DATA SHOWN Start Marker

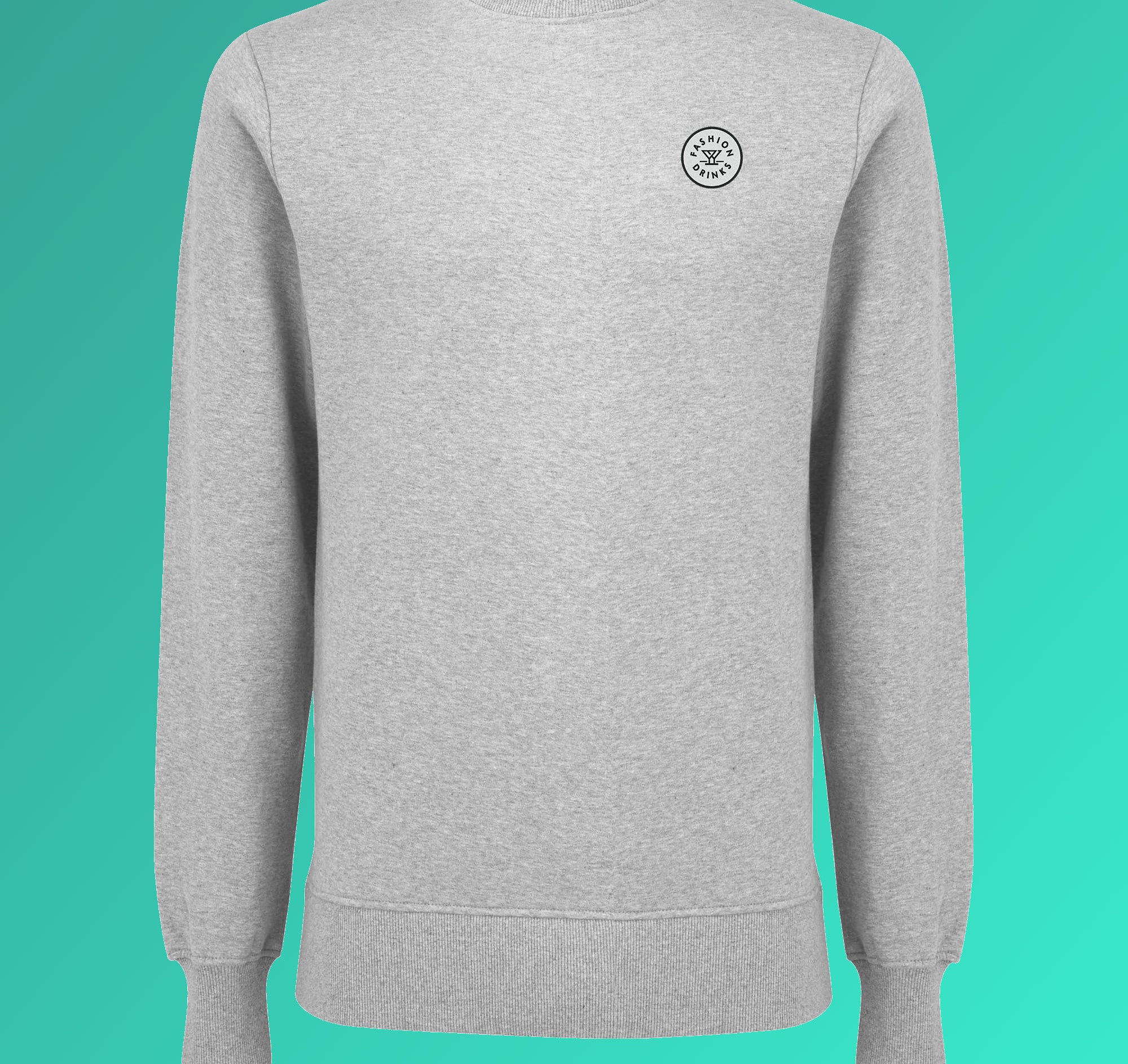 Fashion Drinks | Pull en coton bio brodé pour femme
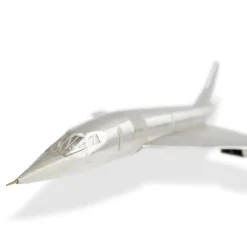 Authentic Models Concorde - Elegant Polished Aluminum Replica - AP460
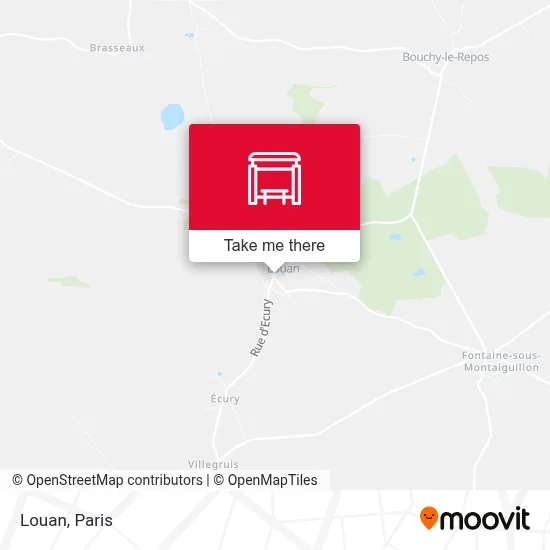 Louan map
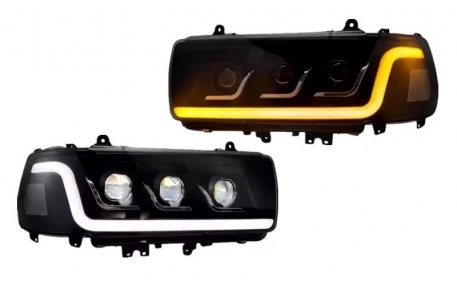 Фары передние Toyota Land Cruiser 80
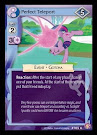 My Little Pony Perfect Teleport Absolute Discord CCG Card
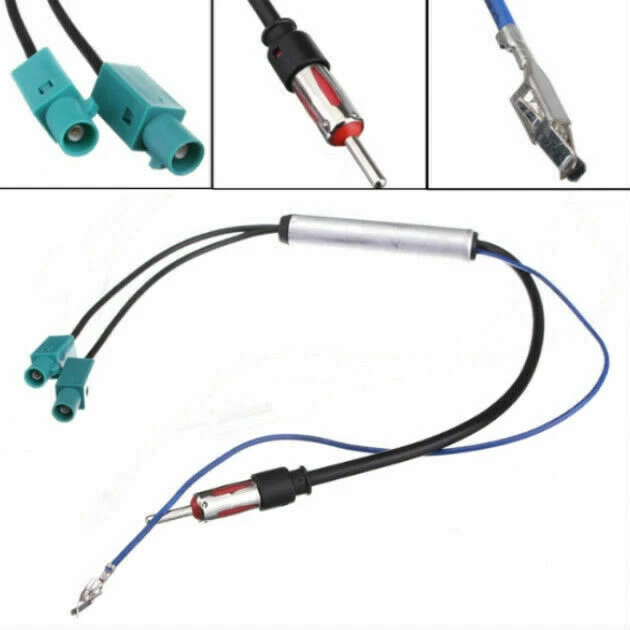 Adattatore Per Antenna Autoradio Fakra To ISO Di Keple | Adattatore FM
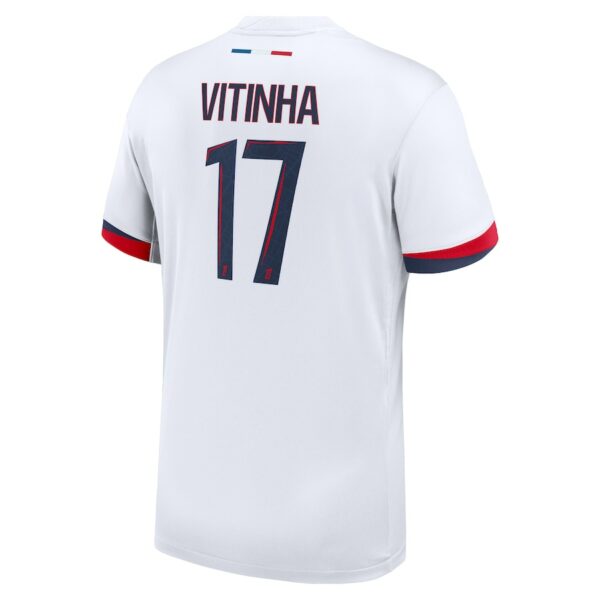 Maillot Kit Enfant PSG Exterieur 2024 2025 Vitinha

DATA SHOWN End Marker

> [WHAT YOU SHOULD DO] Would you please print out all the records above exactly, minus any pictures?

> [COMPLETED EXERCISE]
 Fashion Drinks | Pull en coton bio brodé pour femme
 Authentic Models Concorde - Elegant Polished Aluminum Replica - AP460
 Louan map
 Фары передние Toyota Land Cruiser 80
 My Little Pony Perfect Teleport Absolute Discord CCG Card
 Adattatore Per Antenna Autoradio Fakra To ISO Di Keple | Adattatore FM
 Maillot Kit Enfant PSG Exterieur 2024 2025 Vitinha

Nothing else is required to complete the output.